Natalie.Computer opened. She is an electronic noise musician. Mostly I didn't find the music too interesting, but she concluded the set with a nice spectacle by projecting the code she was using to synthesize her music onto a screen so we could see as she adjusted decay periods and frequency generation expressions and so on.


Then came Koyt far Dayn Fardakht, playing punk versions of Bundist anthems and similar music. It was a lot of fun to dance to, and to feel their joyful fury, though I had mixed feelings about some of their Anti-Zionist music, as a Zionist. Obviously early 20th century Bundist anti-zionism is not the same as contemporary progressive Jewish anti-Zionism; the two seemed to me to mesh a little dissonantly. But I'll tell you what, this is how you do Anti-Zionism in a way that's clearly not anti-semitic. Every single gesture Koyt far Dayn Fardakht made showed their deep love for Jewish culture and history.

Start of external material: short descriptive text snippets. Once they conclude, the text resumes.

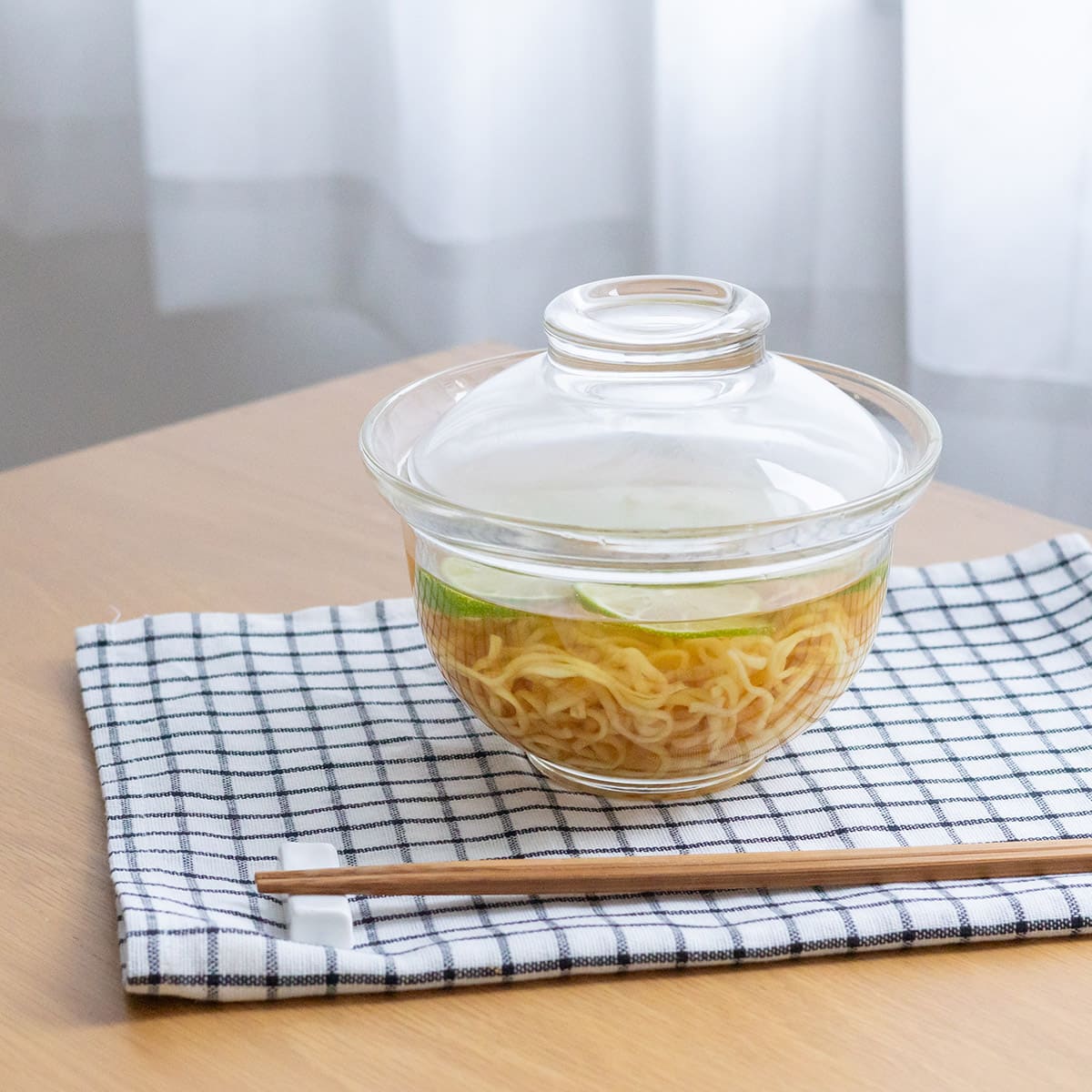 ガラスの丼鉢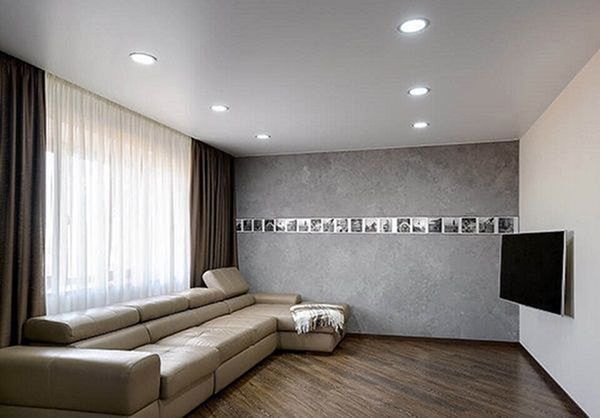 Spanndecken mit Beleuchtung in einen hellen Wohnraum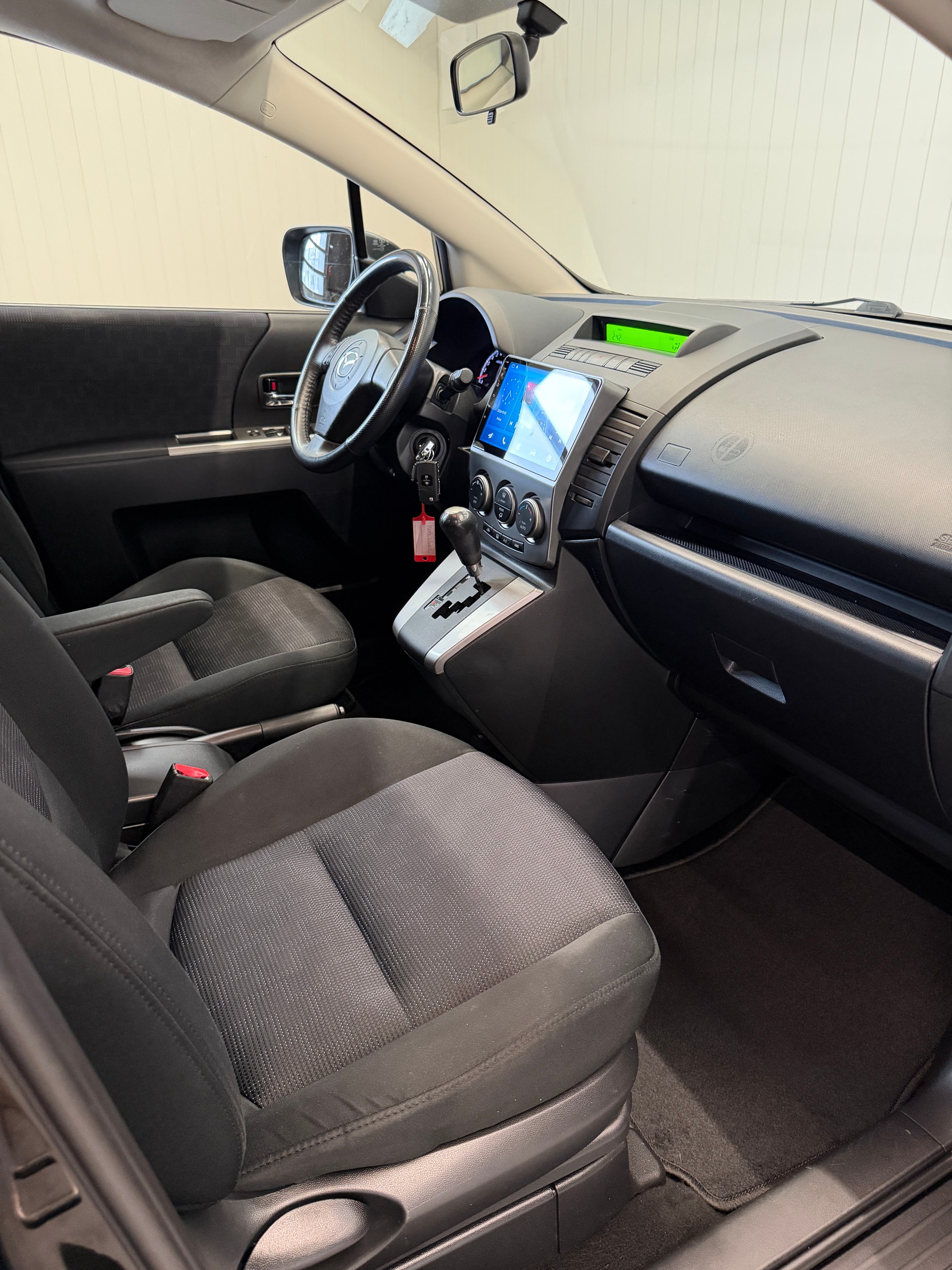 MAZDA 5 2.0 16V Automatic - 7 Plätze - Carplay Navi-image-10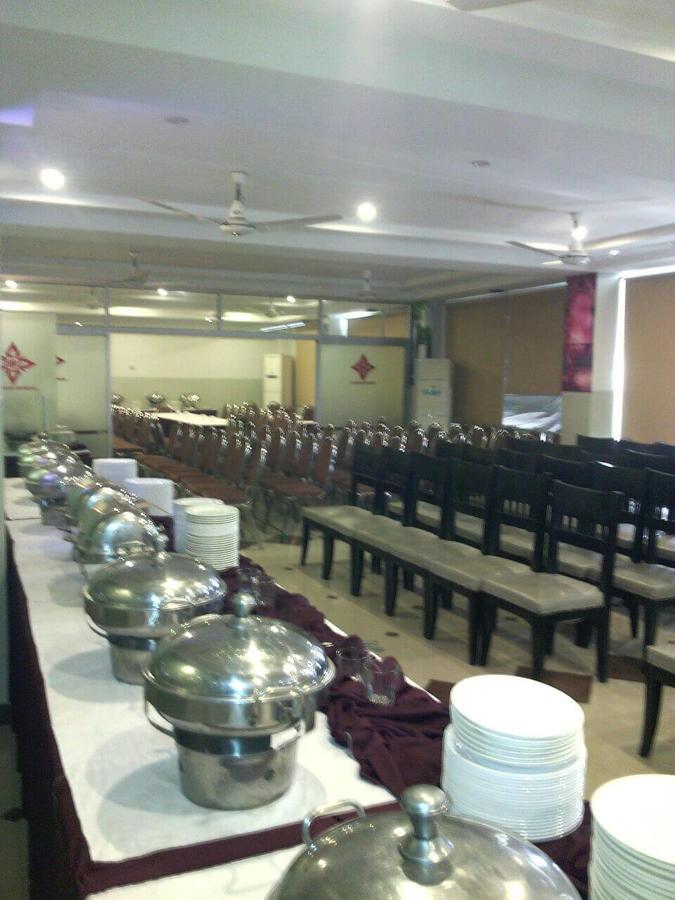 Hotel Multan Continental Екстер'єр фото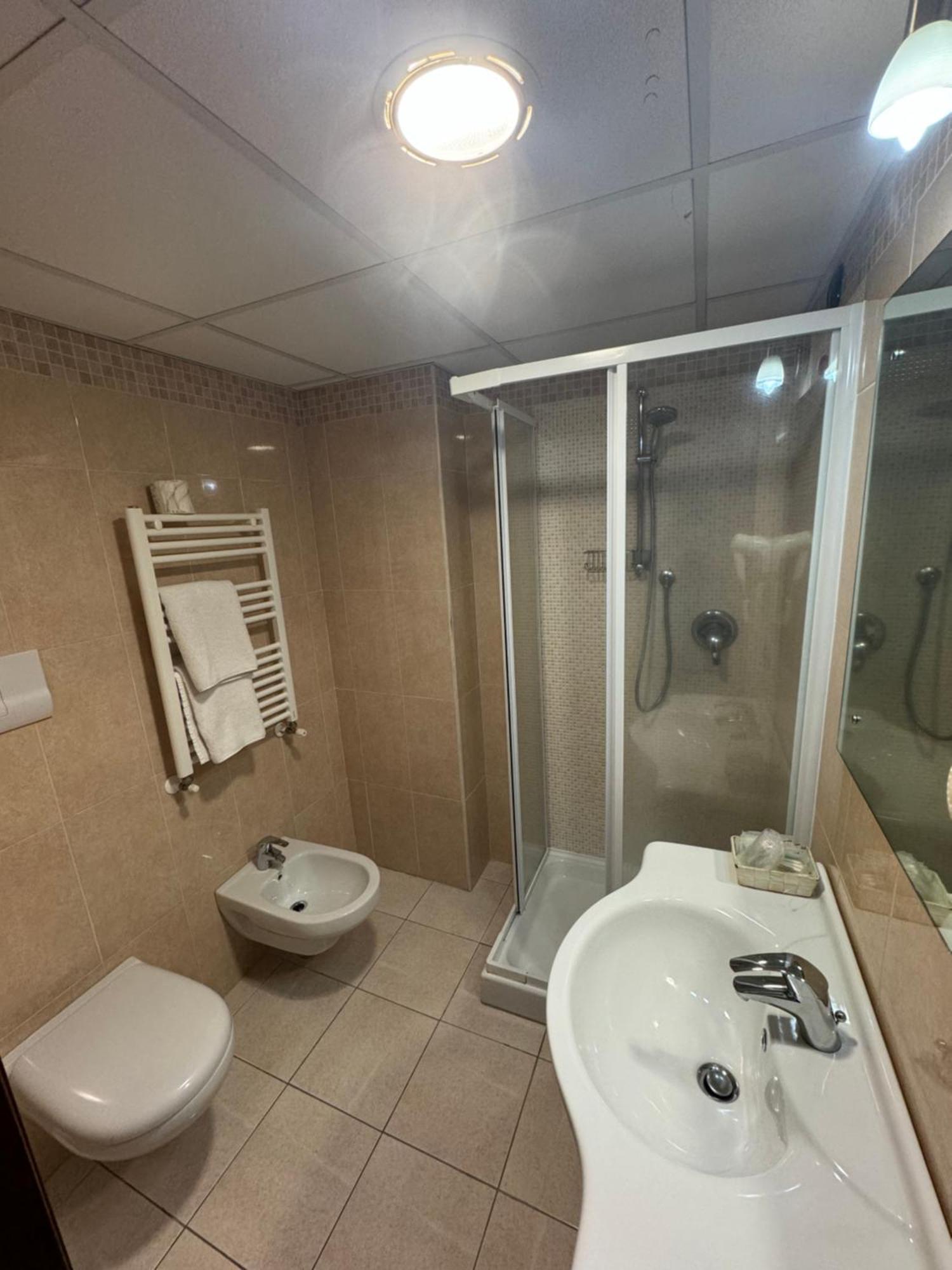 רוזארנו Hotel Vittoria מראה חיצוני תמונה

But they managed a setlist that in general made brilliant connections between the politics of now and the politics of then. Anti-prison and anti-police protest songs, songs about refugees and exile, songs about workers and struggling against poverty.


Lastly, God is My Co-Pilot was pretty spectacular. Apparently they were kind of a big thing in the indie music scene back in the early '90s, a no-wave/queercore band. I don't think I'd ever listened to their music, but the name sounded familiar. But based on the skimming of stuff on the internet I did before the show, I expected something more musically primitive than what we got, which was a mixture of off-kilter punk guitar with free improvisation and Eastern European folk music. I never thought I'd hear a weirder "Siki Siki Baba" than Beirut's, but GodCo's was much weirder. Much much weirder. Also, Frank London joined them on trumpet, which was... I mean, Frank London! I'm always there for Frank London.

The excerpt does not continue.